We are often asked to recommend computer specs for incoming engineering students. The campus has established the ACT program with both Dell and Apple. Typically, we recommend the higher level of Dell laptop hardware for Engineering students, with the following specs:

Integrated wireless network connectivity
Intel® Core™ i5-520M, 2.4GHz
14.1" or 15.1"Wide Screen WXGA LCD Panel
2GB or 4GB DDR3-1066MHz SDRAM, 2 DIMMS
Internal English Keyboard
512MB NVIDIA® NVS 3100M™ with ExpressCard
250GB Hard Drive, 7200RPM
Standard Touchpad
No Floppy Drive
Windows® 7 Professional, 32-bit with media
90W A/C Adapter
4 Year Limited Warranty plus 4 Year NBD On-site Service and CompleteCare
This program provides a depot level, local support service for machine purchased under it.
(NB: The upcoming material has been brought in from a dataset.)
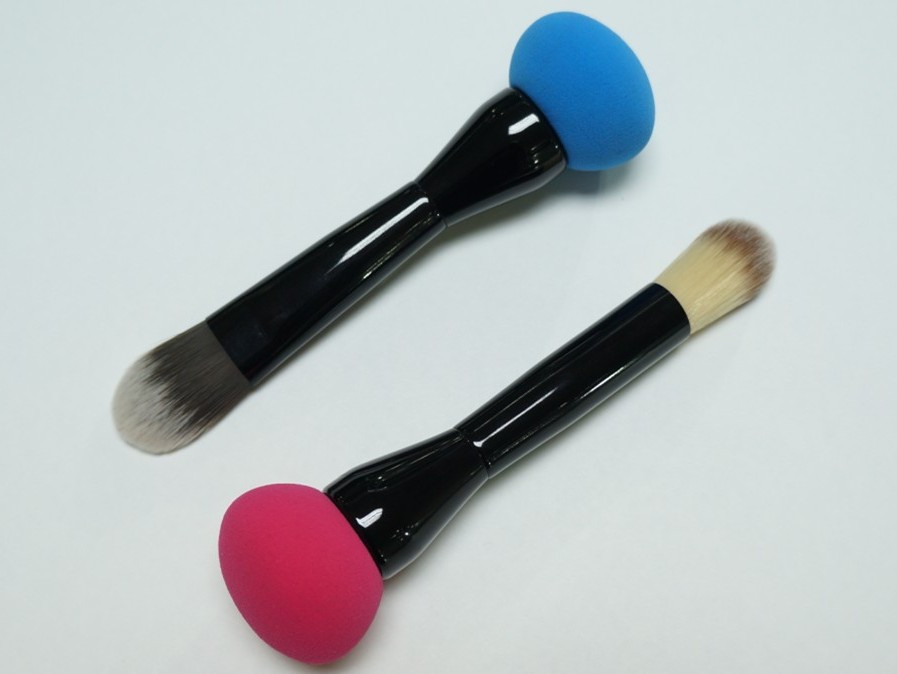 (Foundation Brush With Sponge) QBFB129B Queen Brush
We do not recommend purchasing any software other than MS Office before arriving on campus. Depending on the major, the necessary software can change.

We have also implemented a Citrix environment where many of the packages will be available online in our "Virtual Lab", so we advise delaying the software purchases as long as possible.
So y'all were spot on with the requirements...will let you know what happens. Thanks for all the good advice!